SourceForge Headquarters 225 Broadway Suite 1600 San Diego, CA 92101 +1 (858) 454-5900

Thanks Demian! That's all super helpful! We truly appreciate you taking the time to answer the questions. I think we'll need to stick with the quick-and-dirty idea for the moment since we're about to launch. I'll discuss with my teammates.

________________________________
From: Demian Katz [dem...@vi...]
Sent: Thursday, July 31, 2014 1:53 PM
To: Bradley Busenius; vuf...@li...
Subject: RE: webcrawl.php questions

First of all, by way of explanation: the current web crawling mechanism VuFind uses was my first quick-and-dirty idea to test the concept. It definitely wasn’t designed to scale to huge sites, and honestly, I’m amazed that it works as well as it does – I expected that I would have to rewrite it at some point, but I’ve never gotten around to doing that since the original code continues to meet our needs over here.
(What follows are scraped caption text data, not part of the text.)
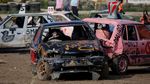 Di Malta Ada Lomba Khusus Wanita Hancurkan Mobil Lho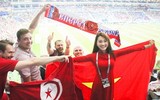 [ẢNH] Vẻ đẹp vạn người mê của fan nữ cầm cờ Việt Nam trên khán đài World Cup 2018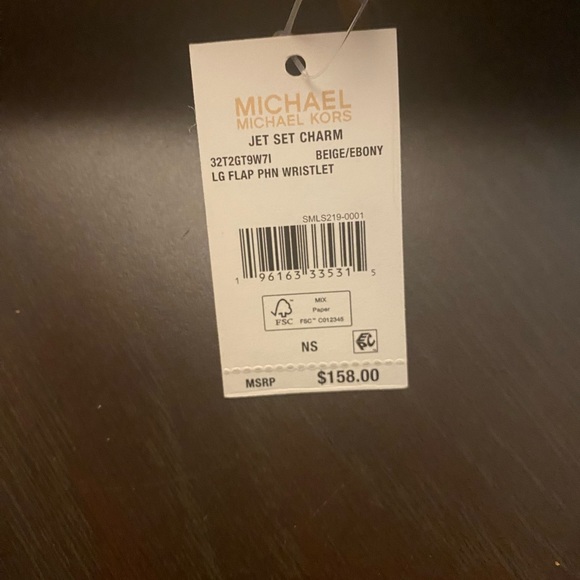 AUTHENTIC LG FLAp phn wristlet MK WALLET org $158 - Picture 8 of 10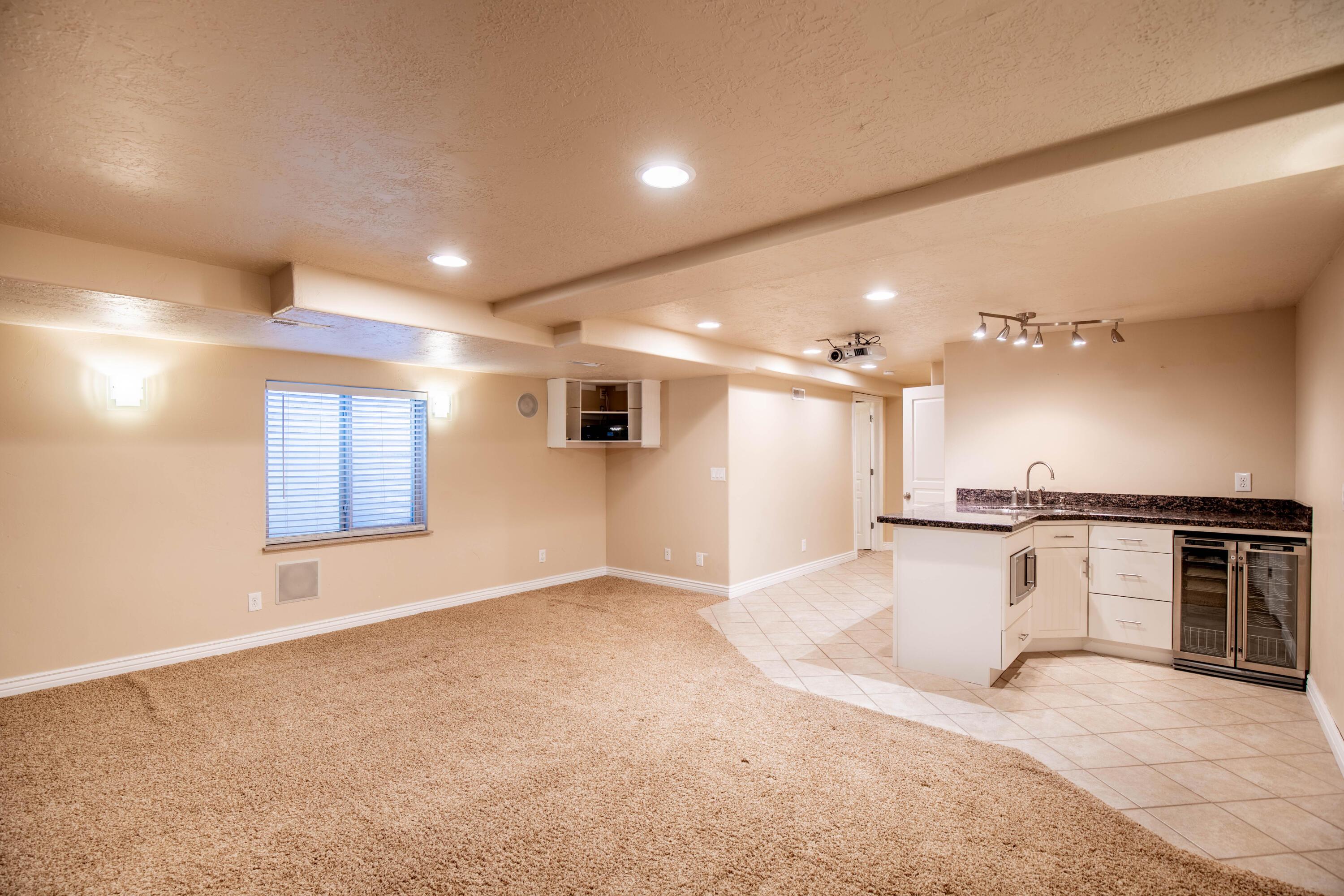 LEHI, Utah, 84043, United States, 5 Bedrooms Bedrooms, ,4 BathroomsBathrooms,Residential,For Sale,1935111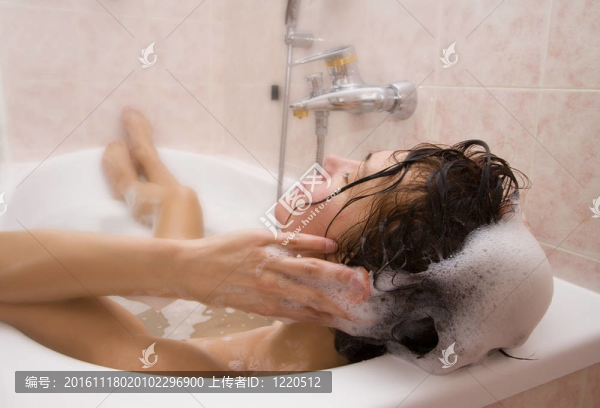 年輕的女人洗澡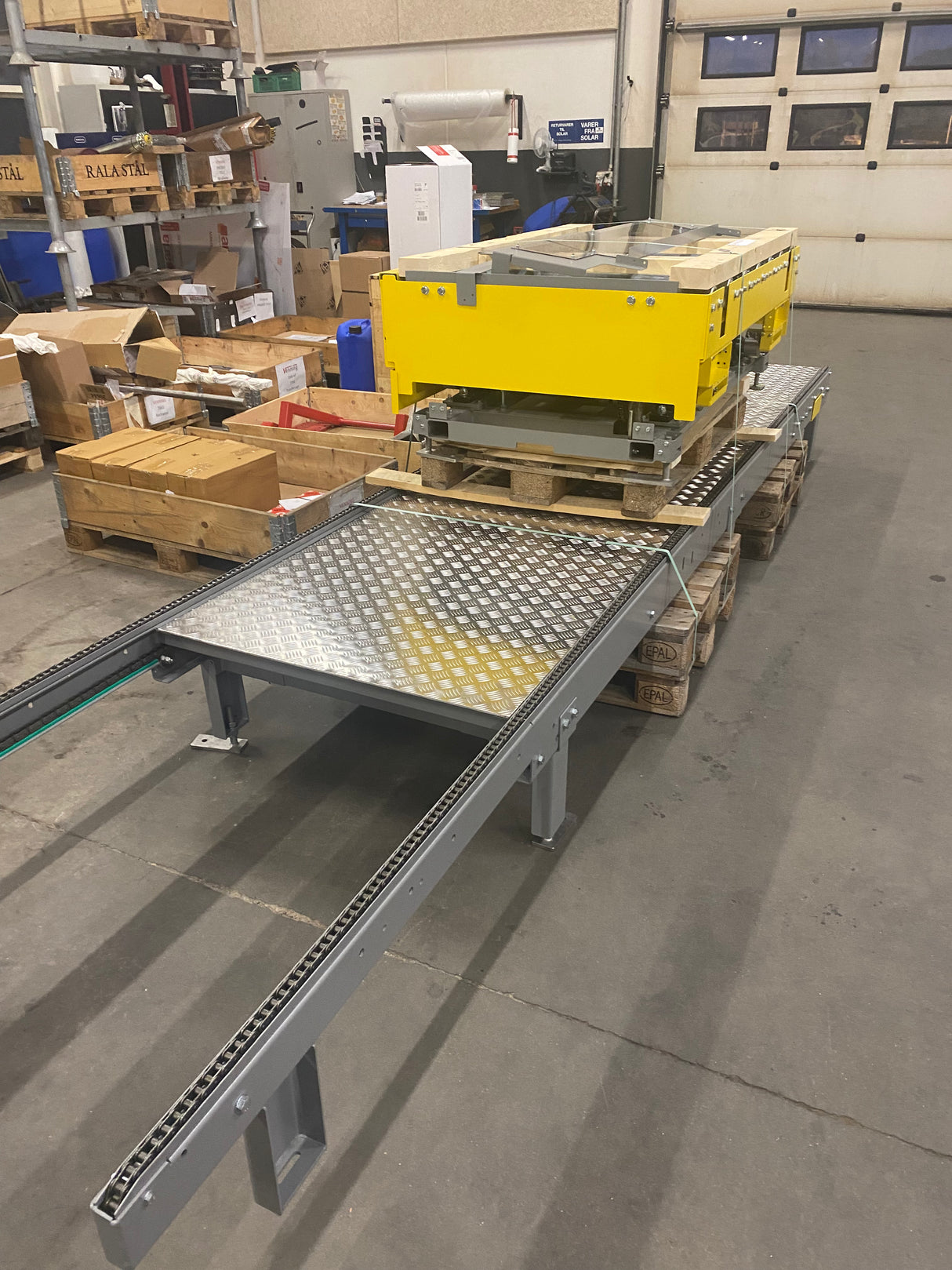 Chain conveyor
It’s entirely possible that you’ve hit a threshold, though, and may need to come up with a different strategy.

Anyway, general comments aside, some answers to your questions:

1.       If you can set your memory limit independently for command-line PHP vs. Apache’s PHP, I don’t think it’s too dangerous to set your memory limit fairly high for the command-line version. The main purpose of memory limit (in my limited understanding) is to prevent a huge number of simultaneous web requests from swamping the server… but if you’re running a single ClI process, that’s not an issue.

2.       You’ll find the logic for the web crawl in VuFindConsole\Controller\ImportController::webcrawlAction(). You’ll see that the way this works is it first remembers the current time, then it harvests all of the sitemaps from your .ini file, then it deletes any outdated records from prior to the start time, and commits/optimizes the index. If you wanted to do this incrementally, you could break this apart into multiple tools – one to save the start time to a file, one to load sitemaps (possibly with a mechanism to handle each sitemap in a different process), and a third tool to read the time file written by the first tool, and do the necessary cleanup actions. (Side note – if you want to build new tools, note that controller name / action name are mapped to VuFind directory / PHP filename – so you can copy the existing util/webcrawl.php file to a different filename, and then by running that file, you will execute an action with a name matching the new file).

Regarding having to delete the index every time, I wonder if the problem is that your script is running out of memory before the Solr commit is happening, so your changes aren’t taking effect right away. It’s possible that if you manually optimized the index at the end of the process, you would see the new records.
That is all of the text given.